With a new steering group, the French EU Presidency wants to monitor the coordinates of asylum and migration policy in Europe. The basis is a new measuring instrument for “migratory pressure”.
EU interior ministers have followed the suggestion of French President Emmanuel Macron and decided to set up a Schengen Council at their recent meeting in Lille. The French EU presidency calls it the “most appropriate forum for essential exchange of views at the political level”, according to a document from the Council published yesterday by the British civil liberties organisation Statewatch. It will be constituted at the upcoming Justice and Home Affairs Council meeting in Brussels on 3 and 4 March.
As a steering group, the Schengen Council is to monitor the situation at the EU’s external borders and dovetail it with measures within the Schengen area. In this way, the member states are to prevent further erosion of the freedom of movement and ensure a reduction of internal border controls. Their temporary reintroduction is permitted under the Schengen Borders Code, but since 2015 some states have made excessive use of them.
Joint committee with Schengen states
The Schengen area currently comprises 22 EU states (non-members are Ireland, Romania, Bulgaria, Croatia and Cyprus), as well as Iceland, Norway, Switzerland and Liechtenstein. The interior ministers of all 26 members meet regularly in the Mixed Committee, in which relevant questions of the so-called Schengen acquis are dealt with and decided upon, including, for example, the restriction of freedom of movement or the upgrading of surveillance and control at the external borders.
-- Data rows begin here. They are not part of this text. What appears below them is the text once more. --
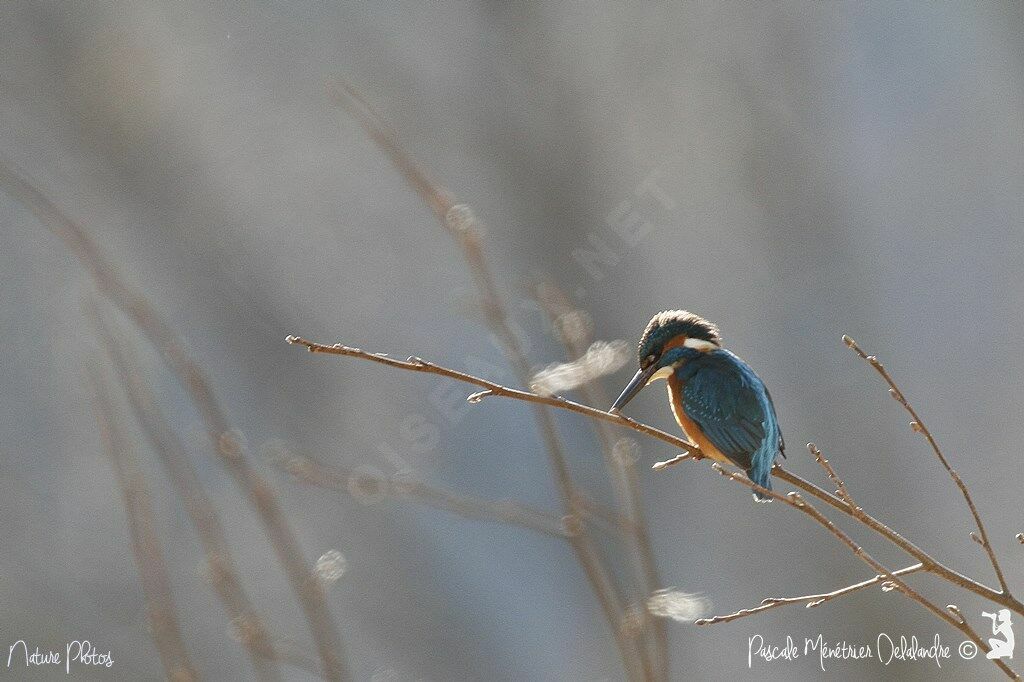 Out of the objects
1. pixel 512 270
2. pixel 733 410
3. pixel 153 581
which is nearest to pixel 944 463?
pixel 733 410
The Mixed Committee is supposed to form the legal framework for the Schengen Council; however, it is still unclear what weight the non-EU countries will receive there. Discussions on the establishment and orientation of the Schengen Council are held by the EU members in the Strategic Committee on Immigration, Frontiers and Asylum; at the most recent meeting, the topic was on the agenda as “Confidence in the Schengen Area”.
Wanted: A Schengen Coordinator
The Schengen Council should also determine the response to “crises”. According to the proposal, this would concern other agencies, including Frontex, whose guidelines the new body should discuss at least once a year. This would give the interior ministers in the Schengen Council a parallel structure to the Frontex Management Board, which is made up of high-ranking officials from all Schengen states and the Commission and takes political and strategic decisions on the direction of the border agency.
Unlike the EU Presidency, the Schengen Council is not to be supervised by rotating governments, but by a Schengen coordinator yet to be appointed. The latter is to prepare the meetings of the body and guarantee the implementation of decided measures.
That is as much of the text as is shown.